The SPO can work together with other security controls that are native to Kubernetes, including the Open Policy Agent (OPA) Gatekeeper open-source project, which is led by startup Styra. Barrett explained that OPA Gatekeeper is what is known as a Kubernetes admission controller plugin. It enables customers to define admission policies using the OPA policy language called Rego. Barrett noted that OPA Gatekeeper can be used to determine whether a new resource is required to have a seccomp profile to be admitted, but it cannot help with defining custom seccomp or SELinux profiles, which is where SPO now fits in.
Red Hat is also updating its Compliance Operator in the OpenShift 4.12 update. The Compliance Operator has been designed to help ensure that a given deployment meets with an organization’s regulatory compliance requirements. Red Hat has long focused on supporting compliance efforts with its platform, introducing the open-source OpenSCAP back in 2015 for its enterprise Linux platforms. OpenSCAP is a scanner that uses the Security Content Automation Protocol (SCAP) supported by the U.S. National Institute of Standards and Technology (NIST).
With the OpenShift 4.12 update, the Compliance Operator is able to support a longer list of compliance profiles for government and industry-related regulations.
“Red Hat tests and updates the profiles available for the Compliance Operator with every release,” Barrett said.
OpenShift gets an ‘ARM’ up
OpenShift, like many applications developed in the last several decades, originally was built just for the x86 architecture that runs on CPUs from Intel and AMD. That situation is increasingly changing as OpenShift is gaining more support to run on the ARM processor with the OpenShift 4.12 update.

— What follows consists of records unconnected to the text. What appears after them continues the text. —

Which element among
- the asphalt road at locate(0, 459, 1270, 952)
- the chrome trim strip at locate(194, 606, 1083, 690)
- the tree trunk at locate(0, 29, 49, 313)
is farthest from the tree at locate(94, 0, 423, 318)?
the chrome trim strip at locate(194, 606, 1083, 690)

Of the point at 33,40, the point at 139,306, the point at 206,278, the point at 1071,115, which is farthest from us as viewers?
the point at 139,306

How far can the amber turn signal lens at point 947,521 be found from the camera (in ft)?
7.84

Barrett noted that Red Hat OpenShift announced support for the AWS Graviton ARM architecture in 2022. He added that OpenShift 4.12 expands that offering to Microsoft Azure ARM instances.
“We find customers with a significant core consumption rate for a singular computational deliverable are gravitating toward ARM first,” Barrett said.
Overall, Red Hat is looking to expand the footprint of where its technologies are able to run, which also new cloud providers. On Jan. 31, Red Hat announced that for the first time, Red Hat Enterprise Linux (RHEL) would be available as a supported platform on Oracle Cloud Infrastructure (OCI). While RHEL is now coming to OCI, OpenShift isn’t — at least not yet.
“Right now, it’s just RHEL available on OCI,” Mike Evans, vice president, technical business development at Red Hat, told VentureBeat. “We’re evaluating what other Red Hat technologies, including OpenShift, may come to Oracle Cloud Infrastructure but this will ultimately be driven by what our joint customers want.”